→ Collected data entries
● ● ● ● ● ● ●

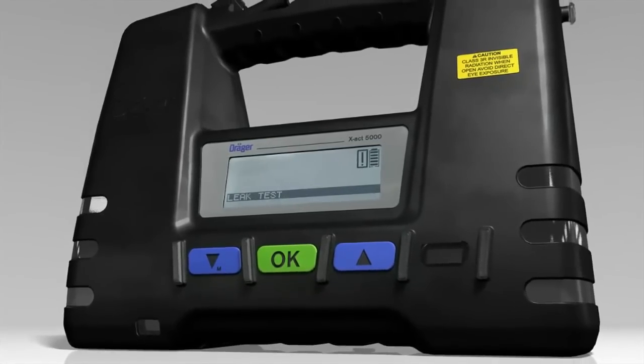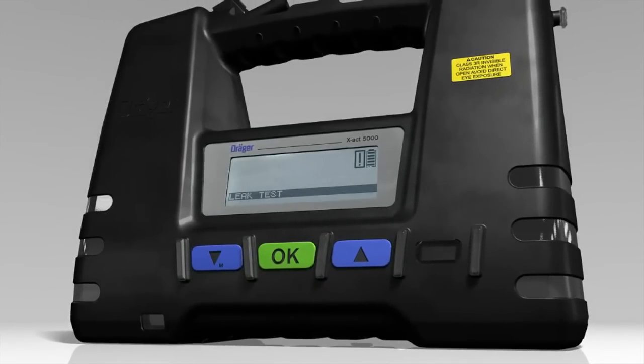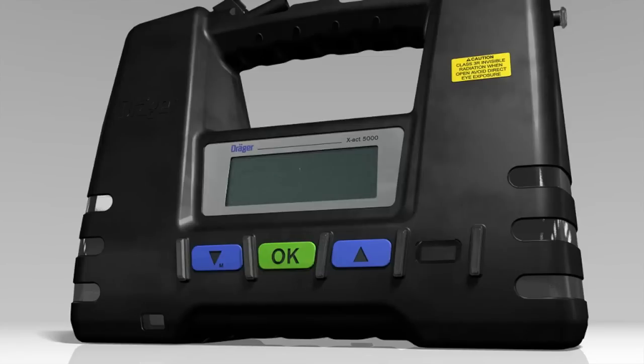To switch off the tube pump, press the up and down buttons simultaneously. The tube pump will now count down from 3 to 1. Afterwards, an automatic flushing cycle will start to remove any residual reaction gases. This will take about 5 to 10 seconds. The tube pump will then power down.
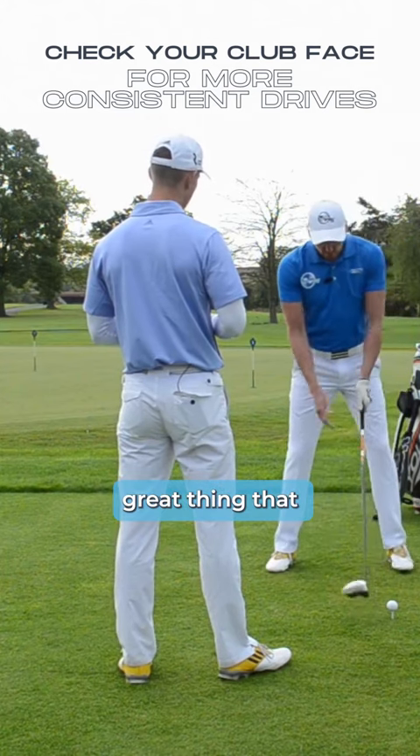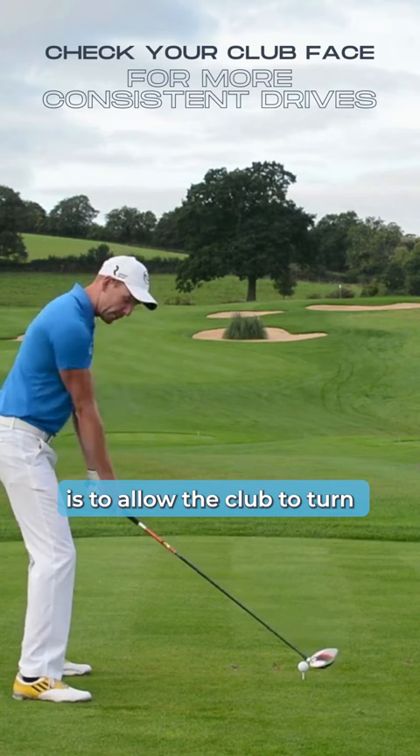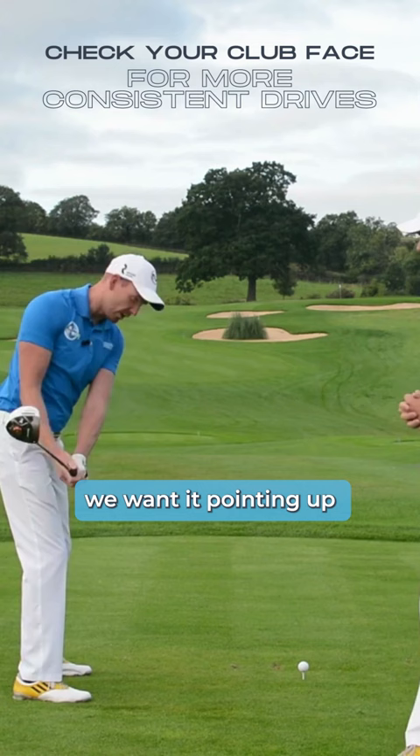A great thing to get people to do when they're first starting is to allow the club to turn. At this waist-high position, the leading edge or the toe of the club — we want it pointing up. And on the way through, again corresponding, we want it pointing up.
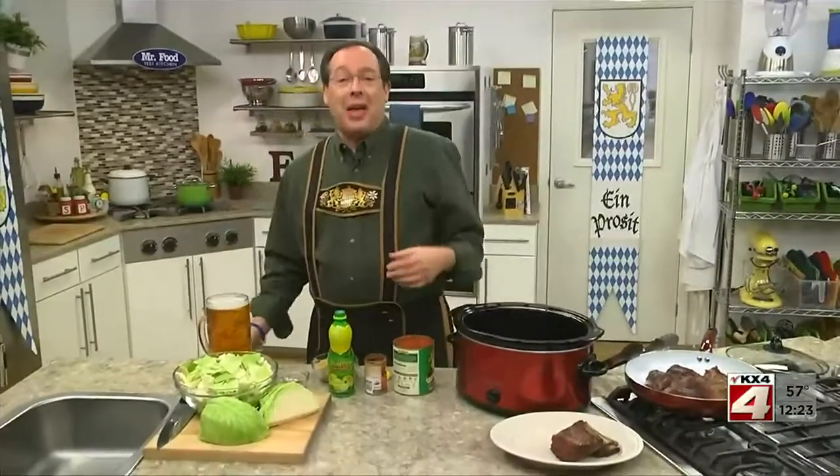When it comes to Oktoberfest, we usually think of big steins of German beer, music that'll have you singing and swaying, and of course, lots of good food. As for the music and the beer, I'm sure you've got that covered. But when it comes to the food, we've got a hearty all-in-one beefed-up dinner that'll knock your lederhosen socks off.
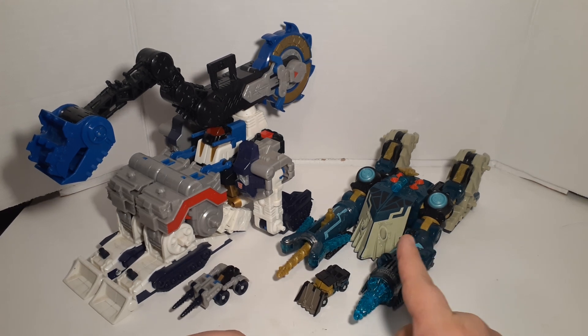That way I can keep you guys entertained. So as you guys can see here, I've got Metroplex, Menasaur, Drillbit, and Heavy Load. What I'm going to do is start with Metroplex and then jump over to Menasaur. So for right now, we're going to move Menasaur off to the side and Heavy Load off to the side, and then we'll bring in Drillbit and Metroplex.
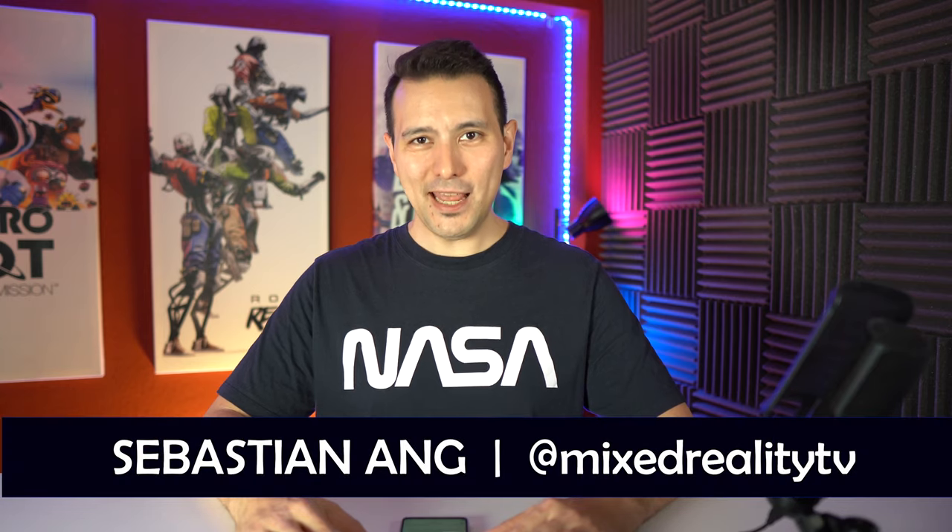Hi and welcome back here at MRTV. My name is Sebastian Ang and in this video I'm going to tell you what is going to be coming up in this third season of MRTV. You have probably watched the opening happy unboxing of the Vive Cosmos, a 1.5 hours live stream where I told you a bit about season 3, but I thought I'd put everything into this 10-minute sober video without wearing the funny hat.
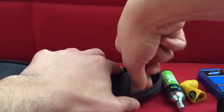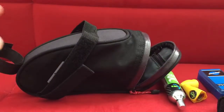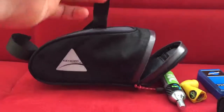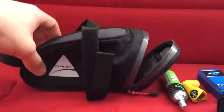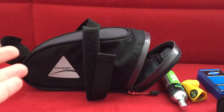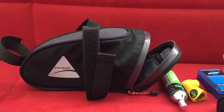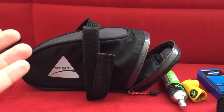One thing to remember — this is a seat bag, so you're not going to have easy access to it while riding. The only time you'd access it is if you get off your bike, open it, do what you need to do, zip it up, and get back on. This is not like a top tube bag or handlebar bag where you can access it while riding. So the stuff you keep here should be things you won't need all the time.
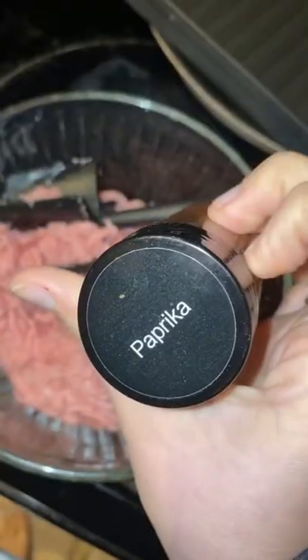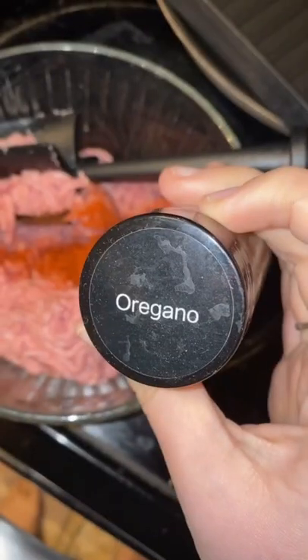How to make the most delicious turkey burgers ever. Start with ground turkey, mash it up a little bit, add some paprika, add some oregano, and a little bit of salt.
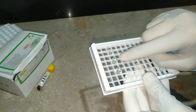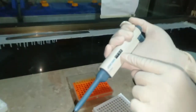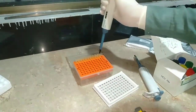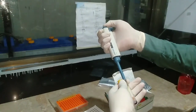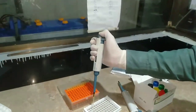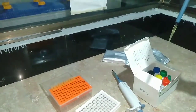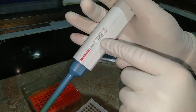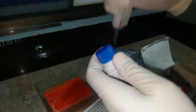Now we take the wells and arrange them into the micro titer plate, as you can see. Using the micro pipette with a clean tip, we set it to 10 microliters. We take 10 microliters of human serum and put it into the first well. Next, we take 100 microliters of HCV AB diluent.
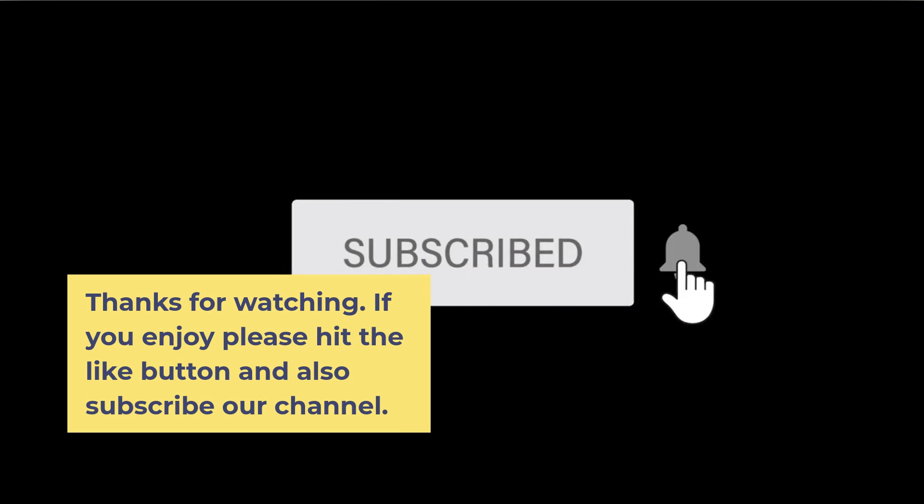Thanks for watching. If you enjoyed this, please hit the like button and also subscribe to our channel.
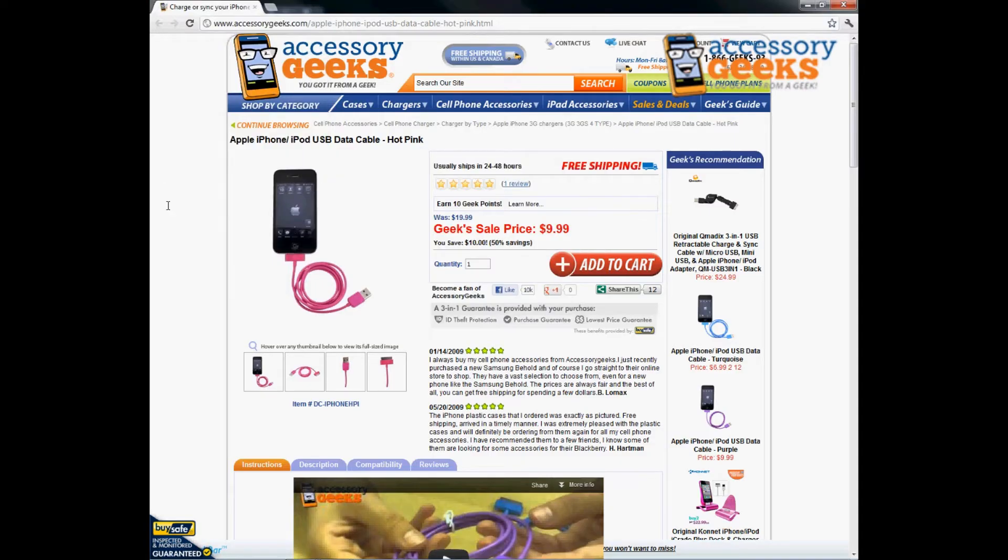Hey Geeks, this is Animal Print Geek here with Accessory Geeks, bringing you another product review for the Apple iPhone slash iPod USB data cable in hot pink.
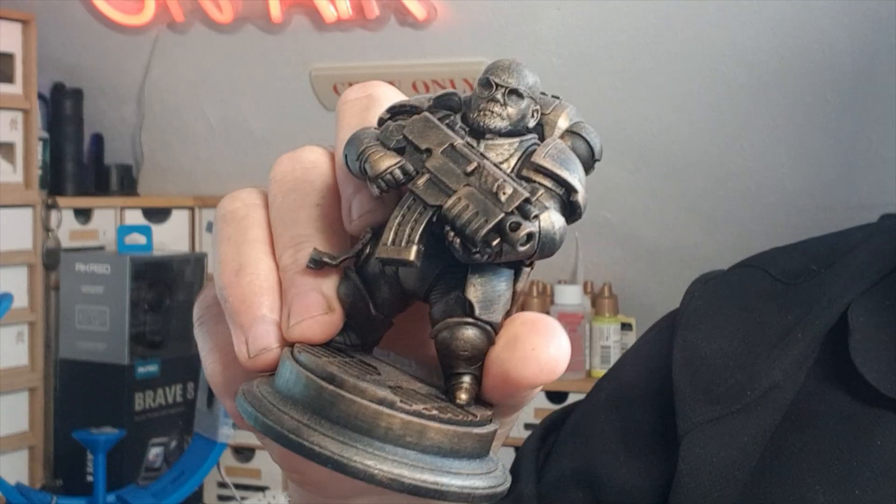I absolutely love 3D printing and how it's changed this hobby, especially being able to print out whatever I want and as much as I want. In one of my recent videos you'll have seen I could even print out mini me's, which is just nuts - by scanning my head in.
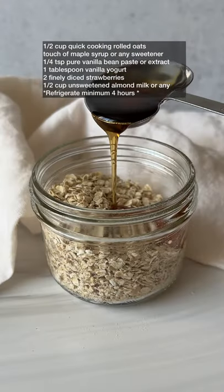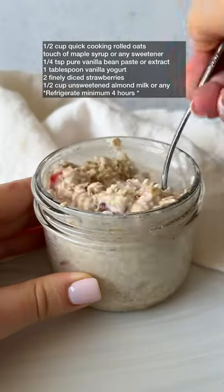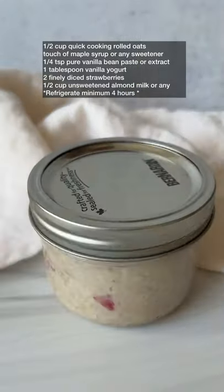Add the first five ingredients to a mason jar and add half of the milk, give it a stir, add the rest and stir again. Lid on and refrigerate.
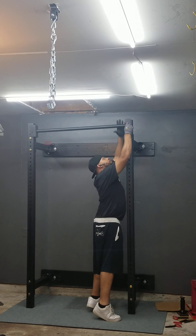I don't know why that won't slide in easy. I was adjusting this, but anyway, that's the Titan X3 folding rack. I also checked out the dip bar.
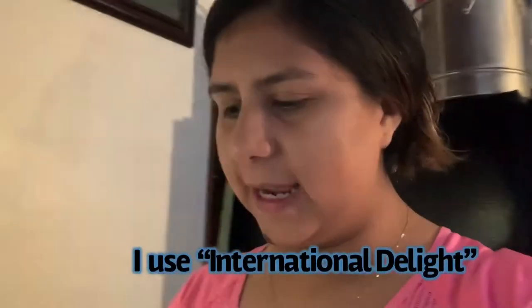I forgot what brand I usually get, but if I go to the store today and they have it there, I'll show it to you guys.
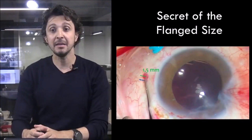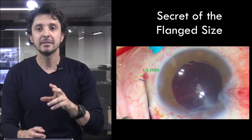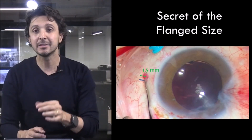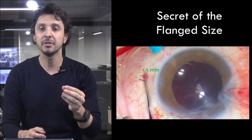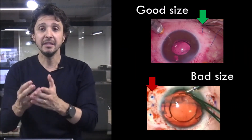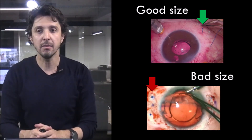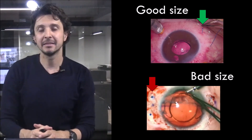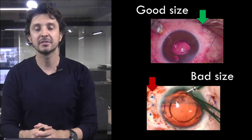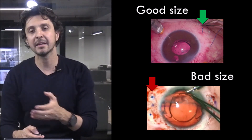The secret of the flange size, as I told you before, is to cut about 1.2 to 1.5 mm from the base, but remember to create some tension before holding the base of the polypropylene. In this image you can see the correct flange size indicated by the green arrow on the left side. The red arrow shows the bad flange size — it is common for surgeons starting out to have this bad size because they are afraid the flange will go back into the eye.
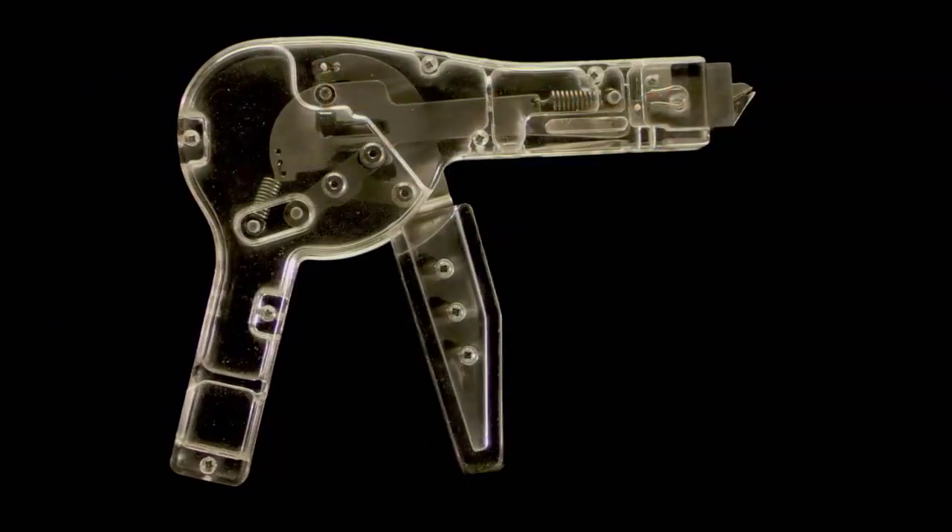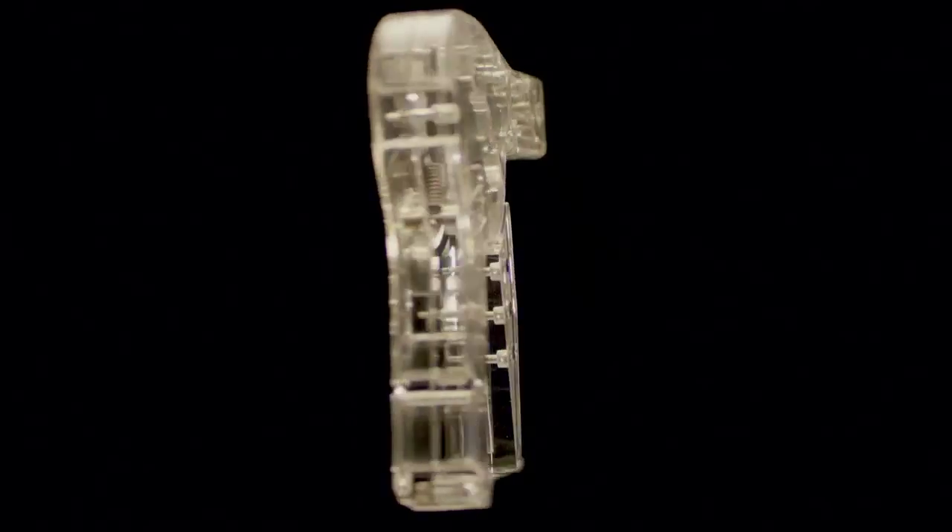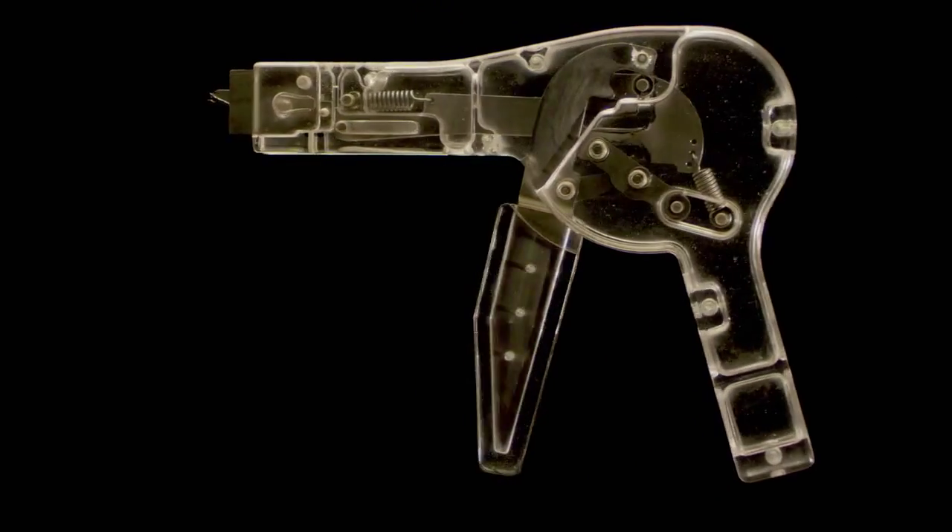This is the SSR, the first device to make the removal of surgical staples sterile and efficient. Wait, what?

● ● ● ● ● ● ●

→ REQUIREMENT
Go to the line above holding "One thing to", then copy exactly each line down to and including the one holding "How to make", leaving pictures out.

→ SOLVED EXERCISE
One thing to remember — this is a seat bag, so you're not going to have easy access to it while riding. The only time you'd access it is if you get off your bike, open it, do what you need to do, zip it up, and get back on. This is not like a top tube bag or handlebar bag where you can access it while riding. So the stuff you keep here should be things you won't need all the time.
How to make the most delicious turkey burgers ever. Start with ground turkey, mash it up a little bit, add some paprika, add some oregano, and a little bit of salt.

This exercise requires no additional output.